Ingesting to QuestDB
In a new terminal window, start a QuestDB container by executing:
docker run --rm -it -p 8812:8812 -p 9009:9009 --net host --name questdb questdb/questdb
The database is now ready to receive the data. Update the data_loader.py to ingest data into QuestDB using the questdb package that uses the InfluxDB Line Protocol (ILP) over TCP for maximum throughput.
To handle large datasets, we will read files one by one and transfer their contents to QuestDB. Then, we will use QuestDB to query the data and load the results back into Pandas DataFrames. Refactor the data loader based on the above:
# data_loader.py
import os
import glob
import pandas as pd
from questdb.ingress import Sender
def main():
files = glob.glob(os.path.join("data", "*.parquet"))
with Sender("127.0.0.1", 9009) as sender:
for file in files:
df = pd.read_parquet(file)
print(f"ingesting {len(df.index)} rows from {file}")
sender.dataframe(df, table_name="trips", at="tpep_pickup_datetime")
if __name__ == "__main__":
main()
Let's start from the beginning. The first major change you'll notice is that we need to specify the hostname and port number in the script in order to run it.
Then we iterate over the parquet files and load them into memory using Pandas. After that, utilizing QuestDB’s Python client, we are ingesting to QuestDB directly from Pandas DataFrames.
In the Python container, run python data_loader.py
. The script will ingest one parquet file at a time.
Working with trip data
So far, we have prepared the dataset and loaded it into QuestDB. It’s time to execute some queries and load the result into DataFrames. Using the whole dataset, we want to know what was the average total amount paid by passengers grouped by the passengers.
Create a new file, called query_amount.py
with the following content:
# query_amount.py
import pandas as pd
import psycopg
QUERY = """
SELECT passenger_count, avg(total_amount)
FROM 'trips'
WHERE passenger_count > 0
GROUP BY passenger_count
"""
if __name__ == "__main__":
conn = psycopg.connect(
dbname="questdb",
host="127.0.0.1",
user="admin",
password="quest",
port=8812,
)
df = pd.read_sql_query(QUERY, conn)
print(df.head(10))
Similarly to the data loader script, this script requires the host and port too.
In the script above, we are using the Postgresql Python client and connecting to QuestDB using that.
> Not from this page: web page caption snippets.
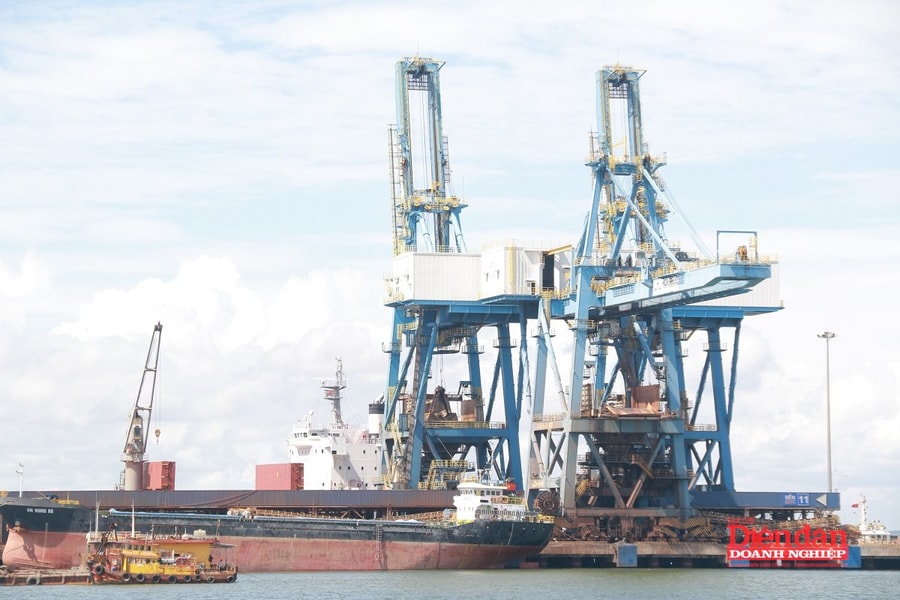 Quảng Ngãi ưu tiên phát triển các ngành công nghiệp mũi nhọn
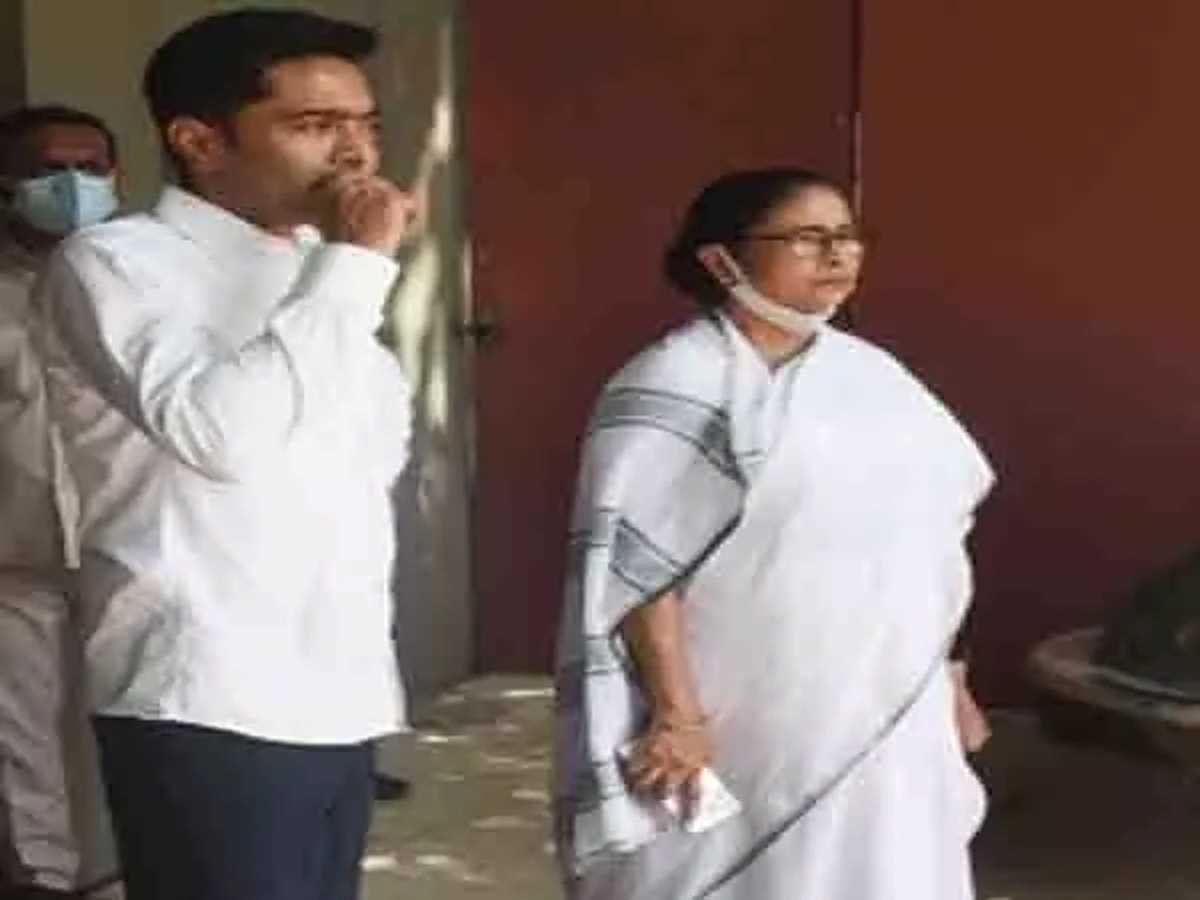 ममता, अभिषेक ने राहुल का नाम लिए बगैर अयोग्यता के मुद्दे पर भाजपा को आड़े हाथों लिया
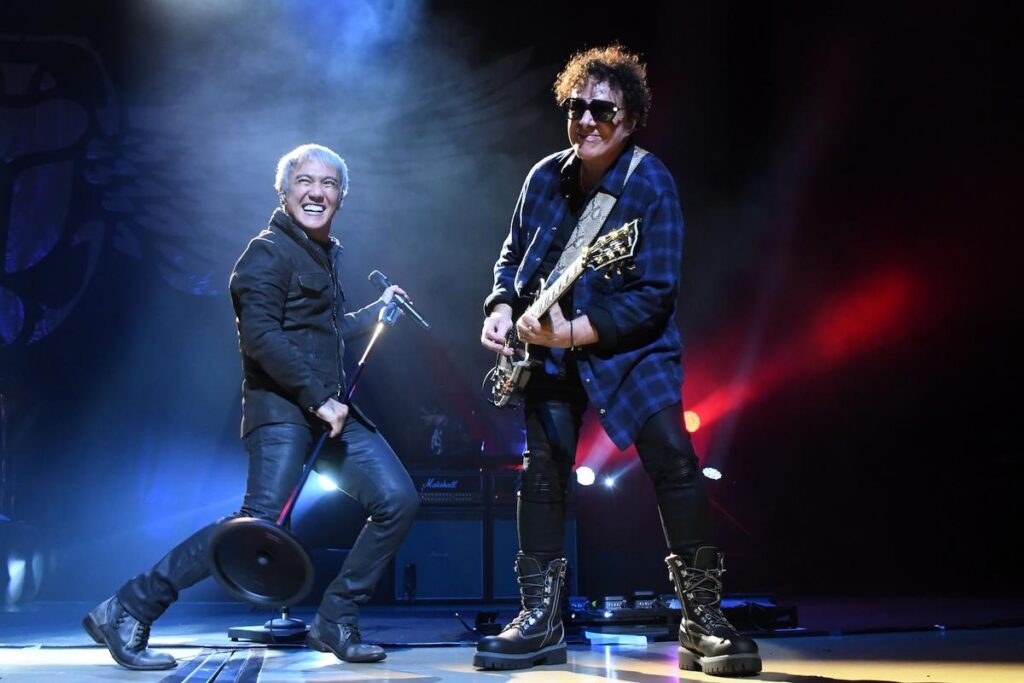 Neal Schon Responds to Arnel Pineda's Journey Tour Allegations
In the Python container, execute python query_amount.py
:
When the script finishes, you should see the average total amount paid by passengers. Interestingly, there is a huge difference in the average between passenger count 6 and 7, the average almost 2.5x for 7 passengers compared to 6.
By further analyzing the data, it may turn out what was the possible root cause increase, but probably it is bound to human nature: we like to share the cost of rides if we are going on a longer trip.
Summary
In this tutorial, we have learned how to load large datasets into QuestDB using Pandas DataFrames. By transferring data from Pandas to QuestDB, we have taken advantage of the database's powerful data processing capabilities, enabling us to scale our analysis and data manipulation operations to handle large datasets.
The approach outlined in this tutorial is just one way to work with big data using Pandas and QuestDB. You can customize this method to suit your specific needs and continue to explore the possibilities of these powerful tools. The end goal is to make data analysis and manipulation easier and more efficient, regardless of the size of the dataset.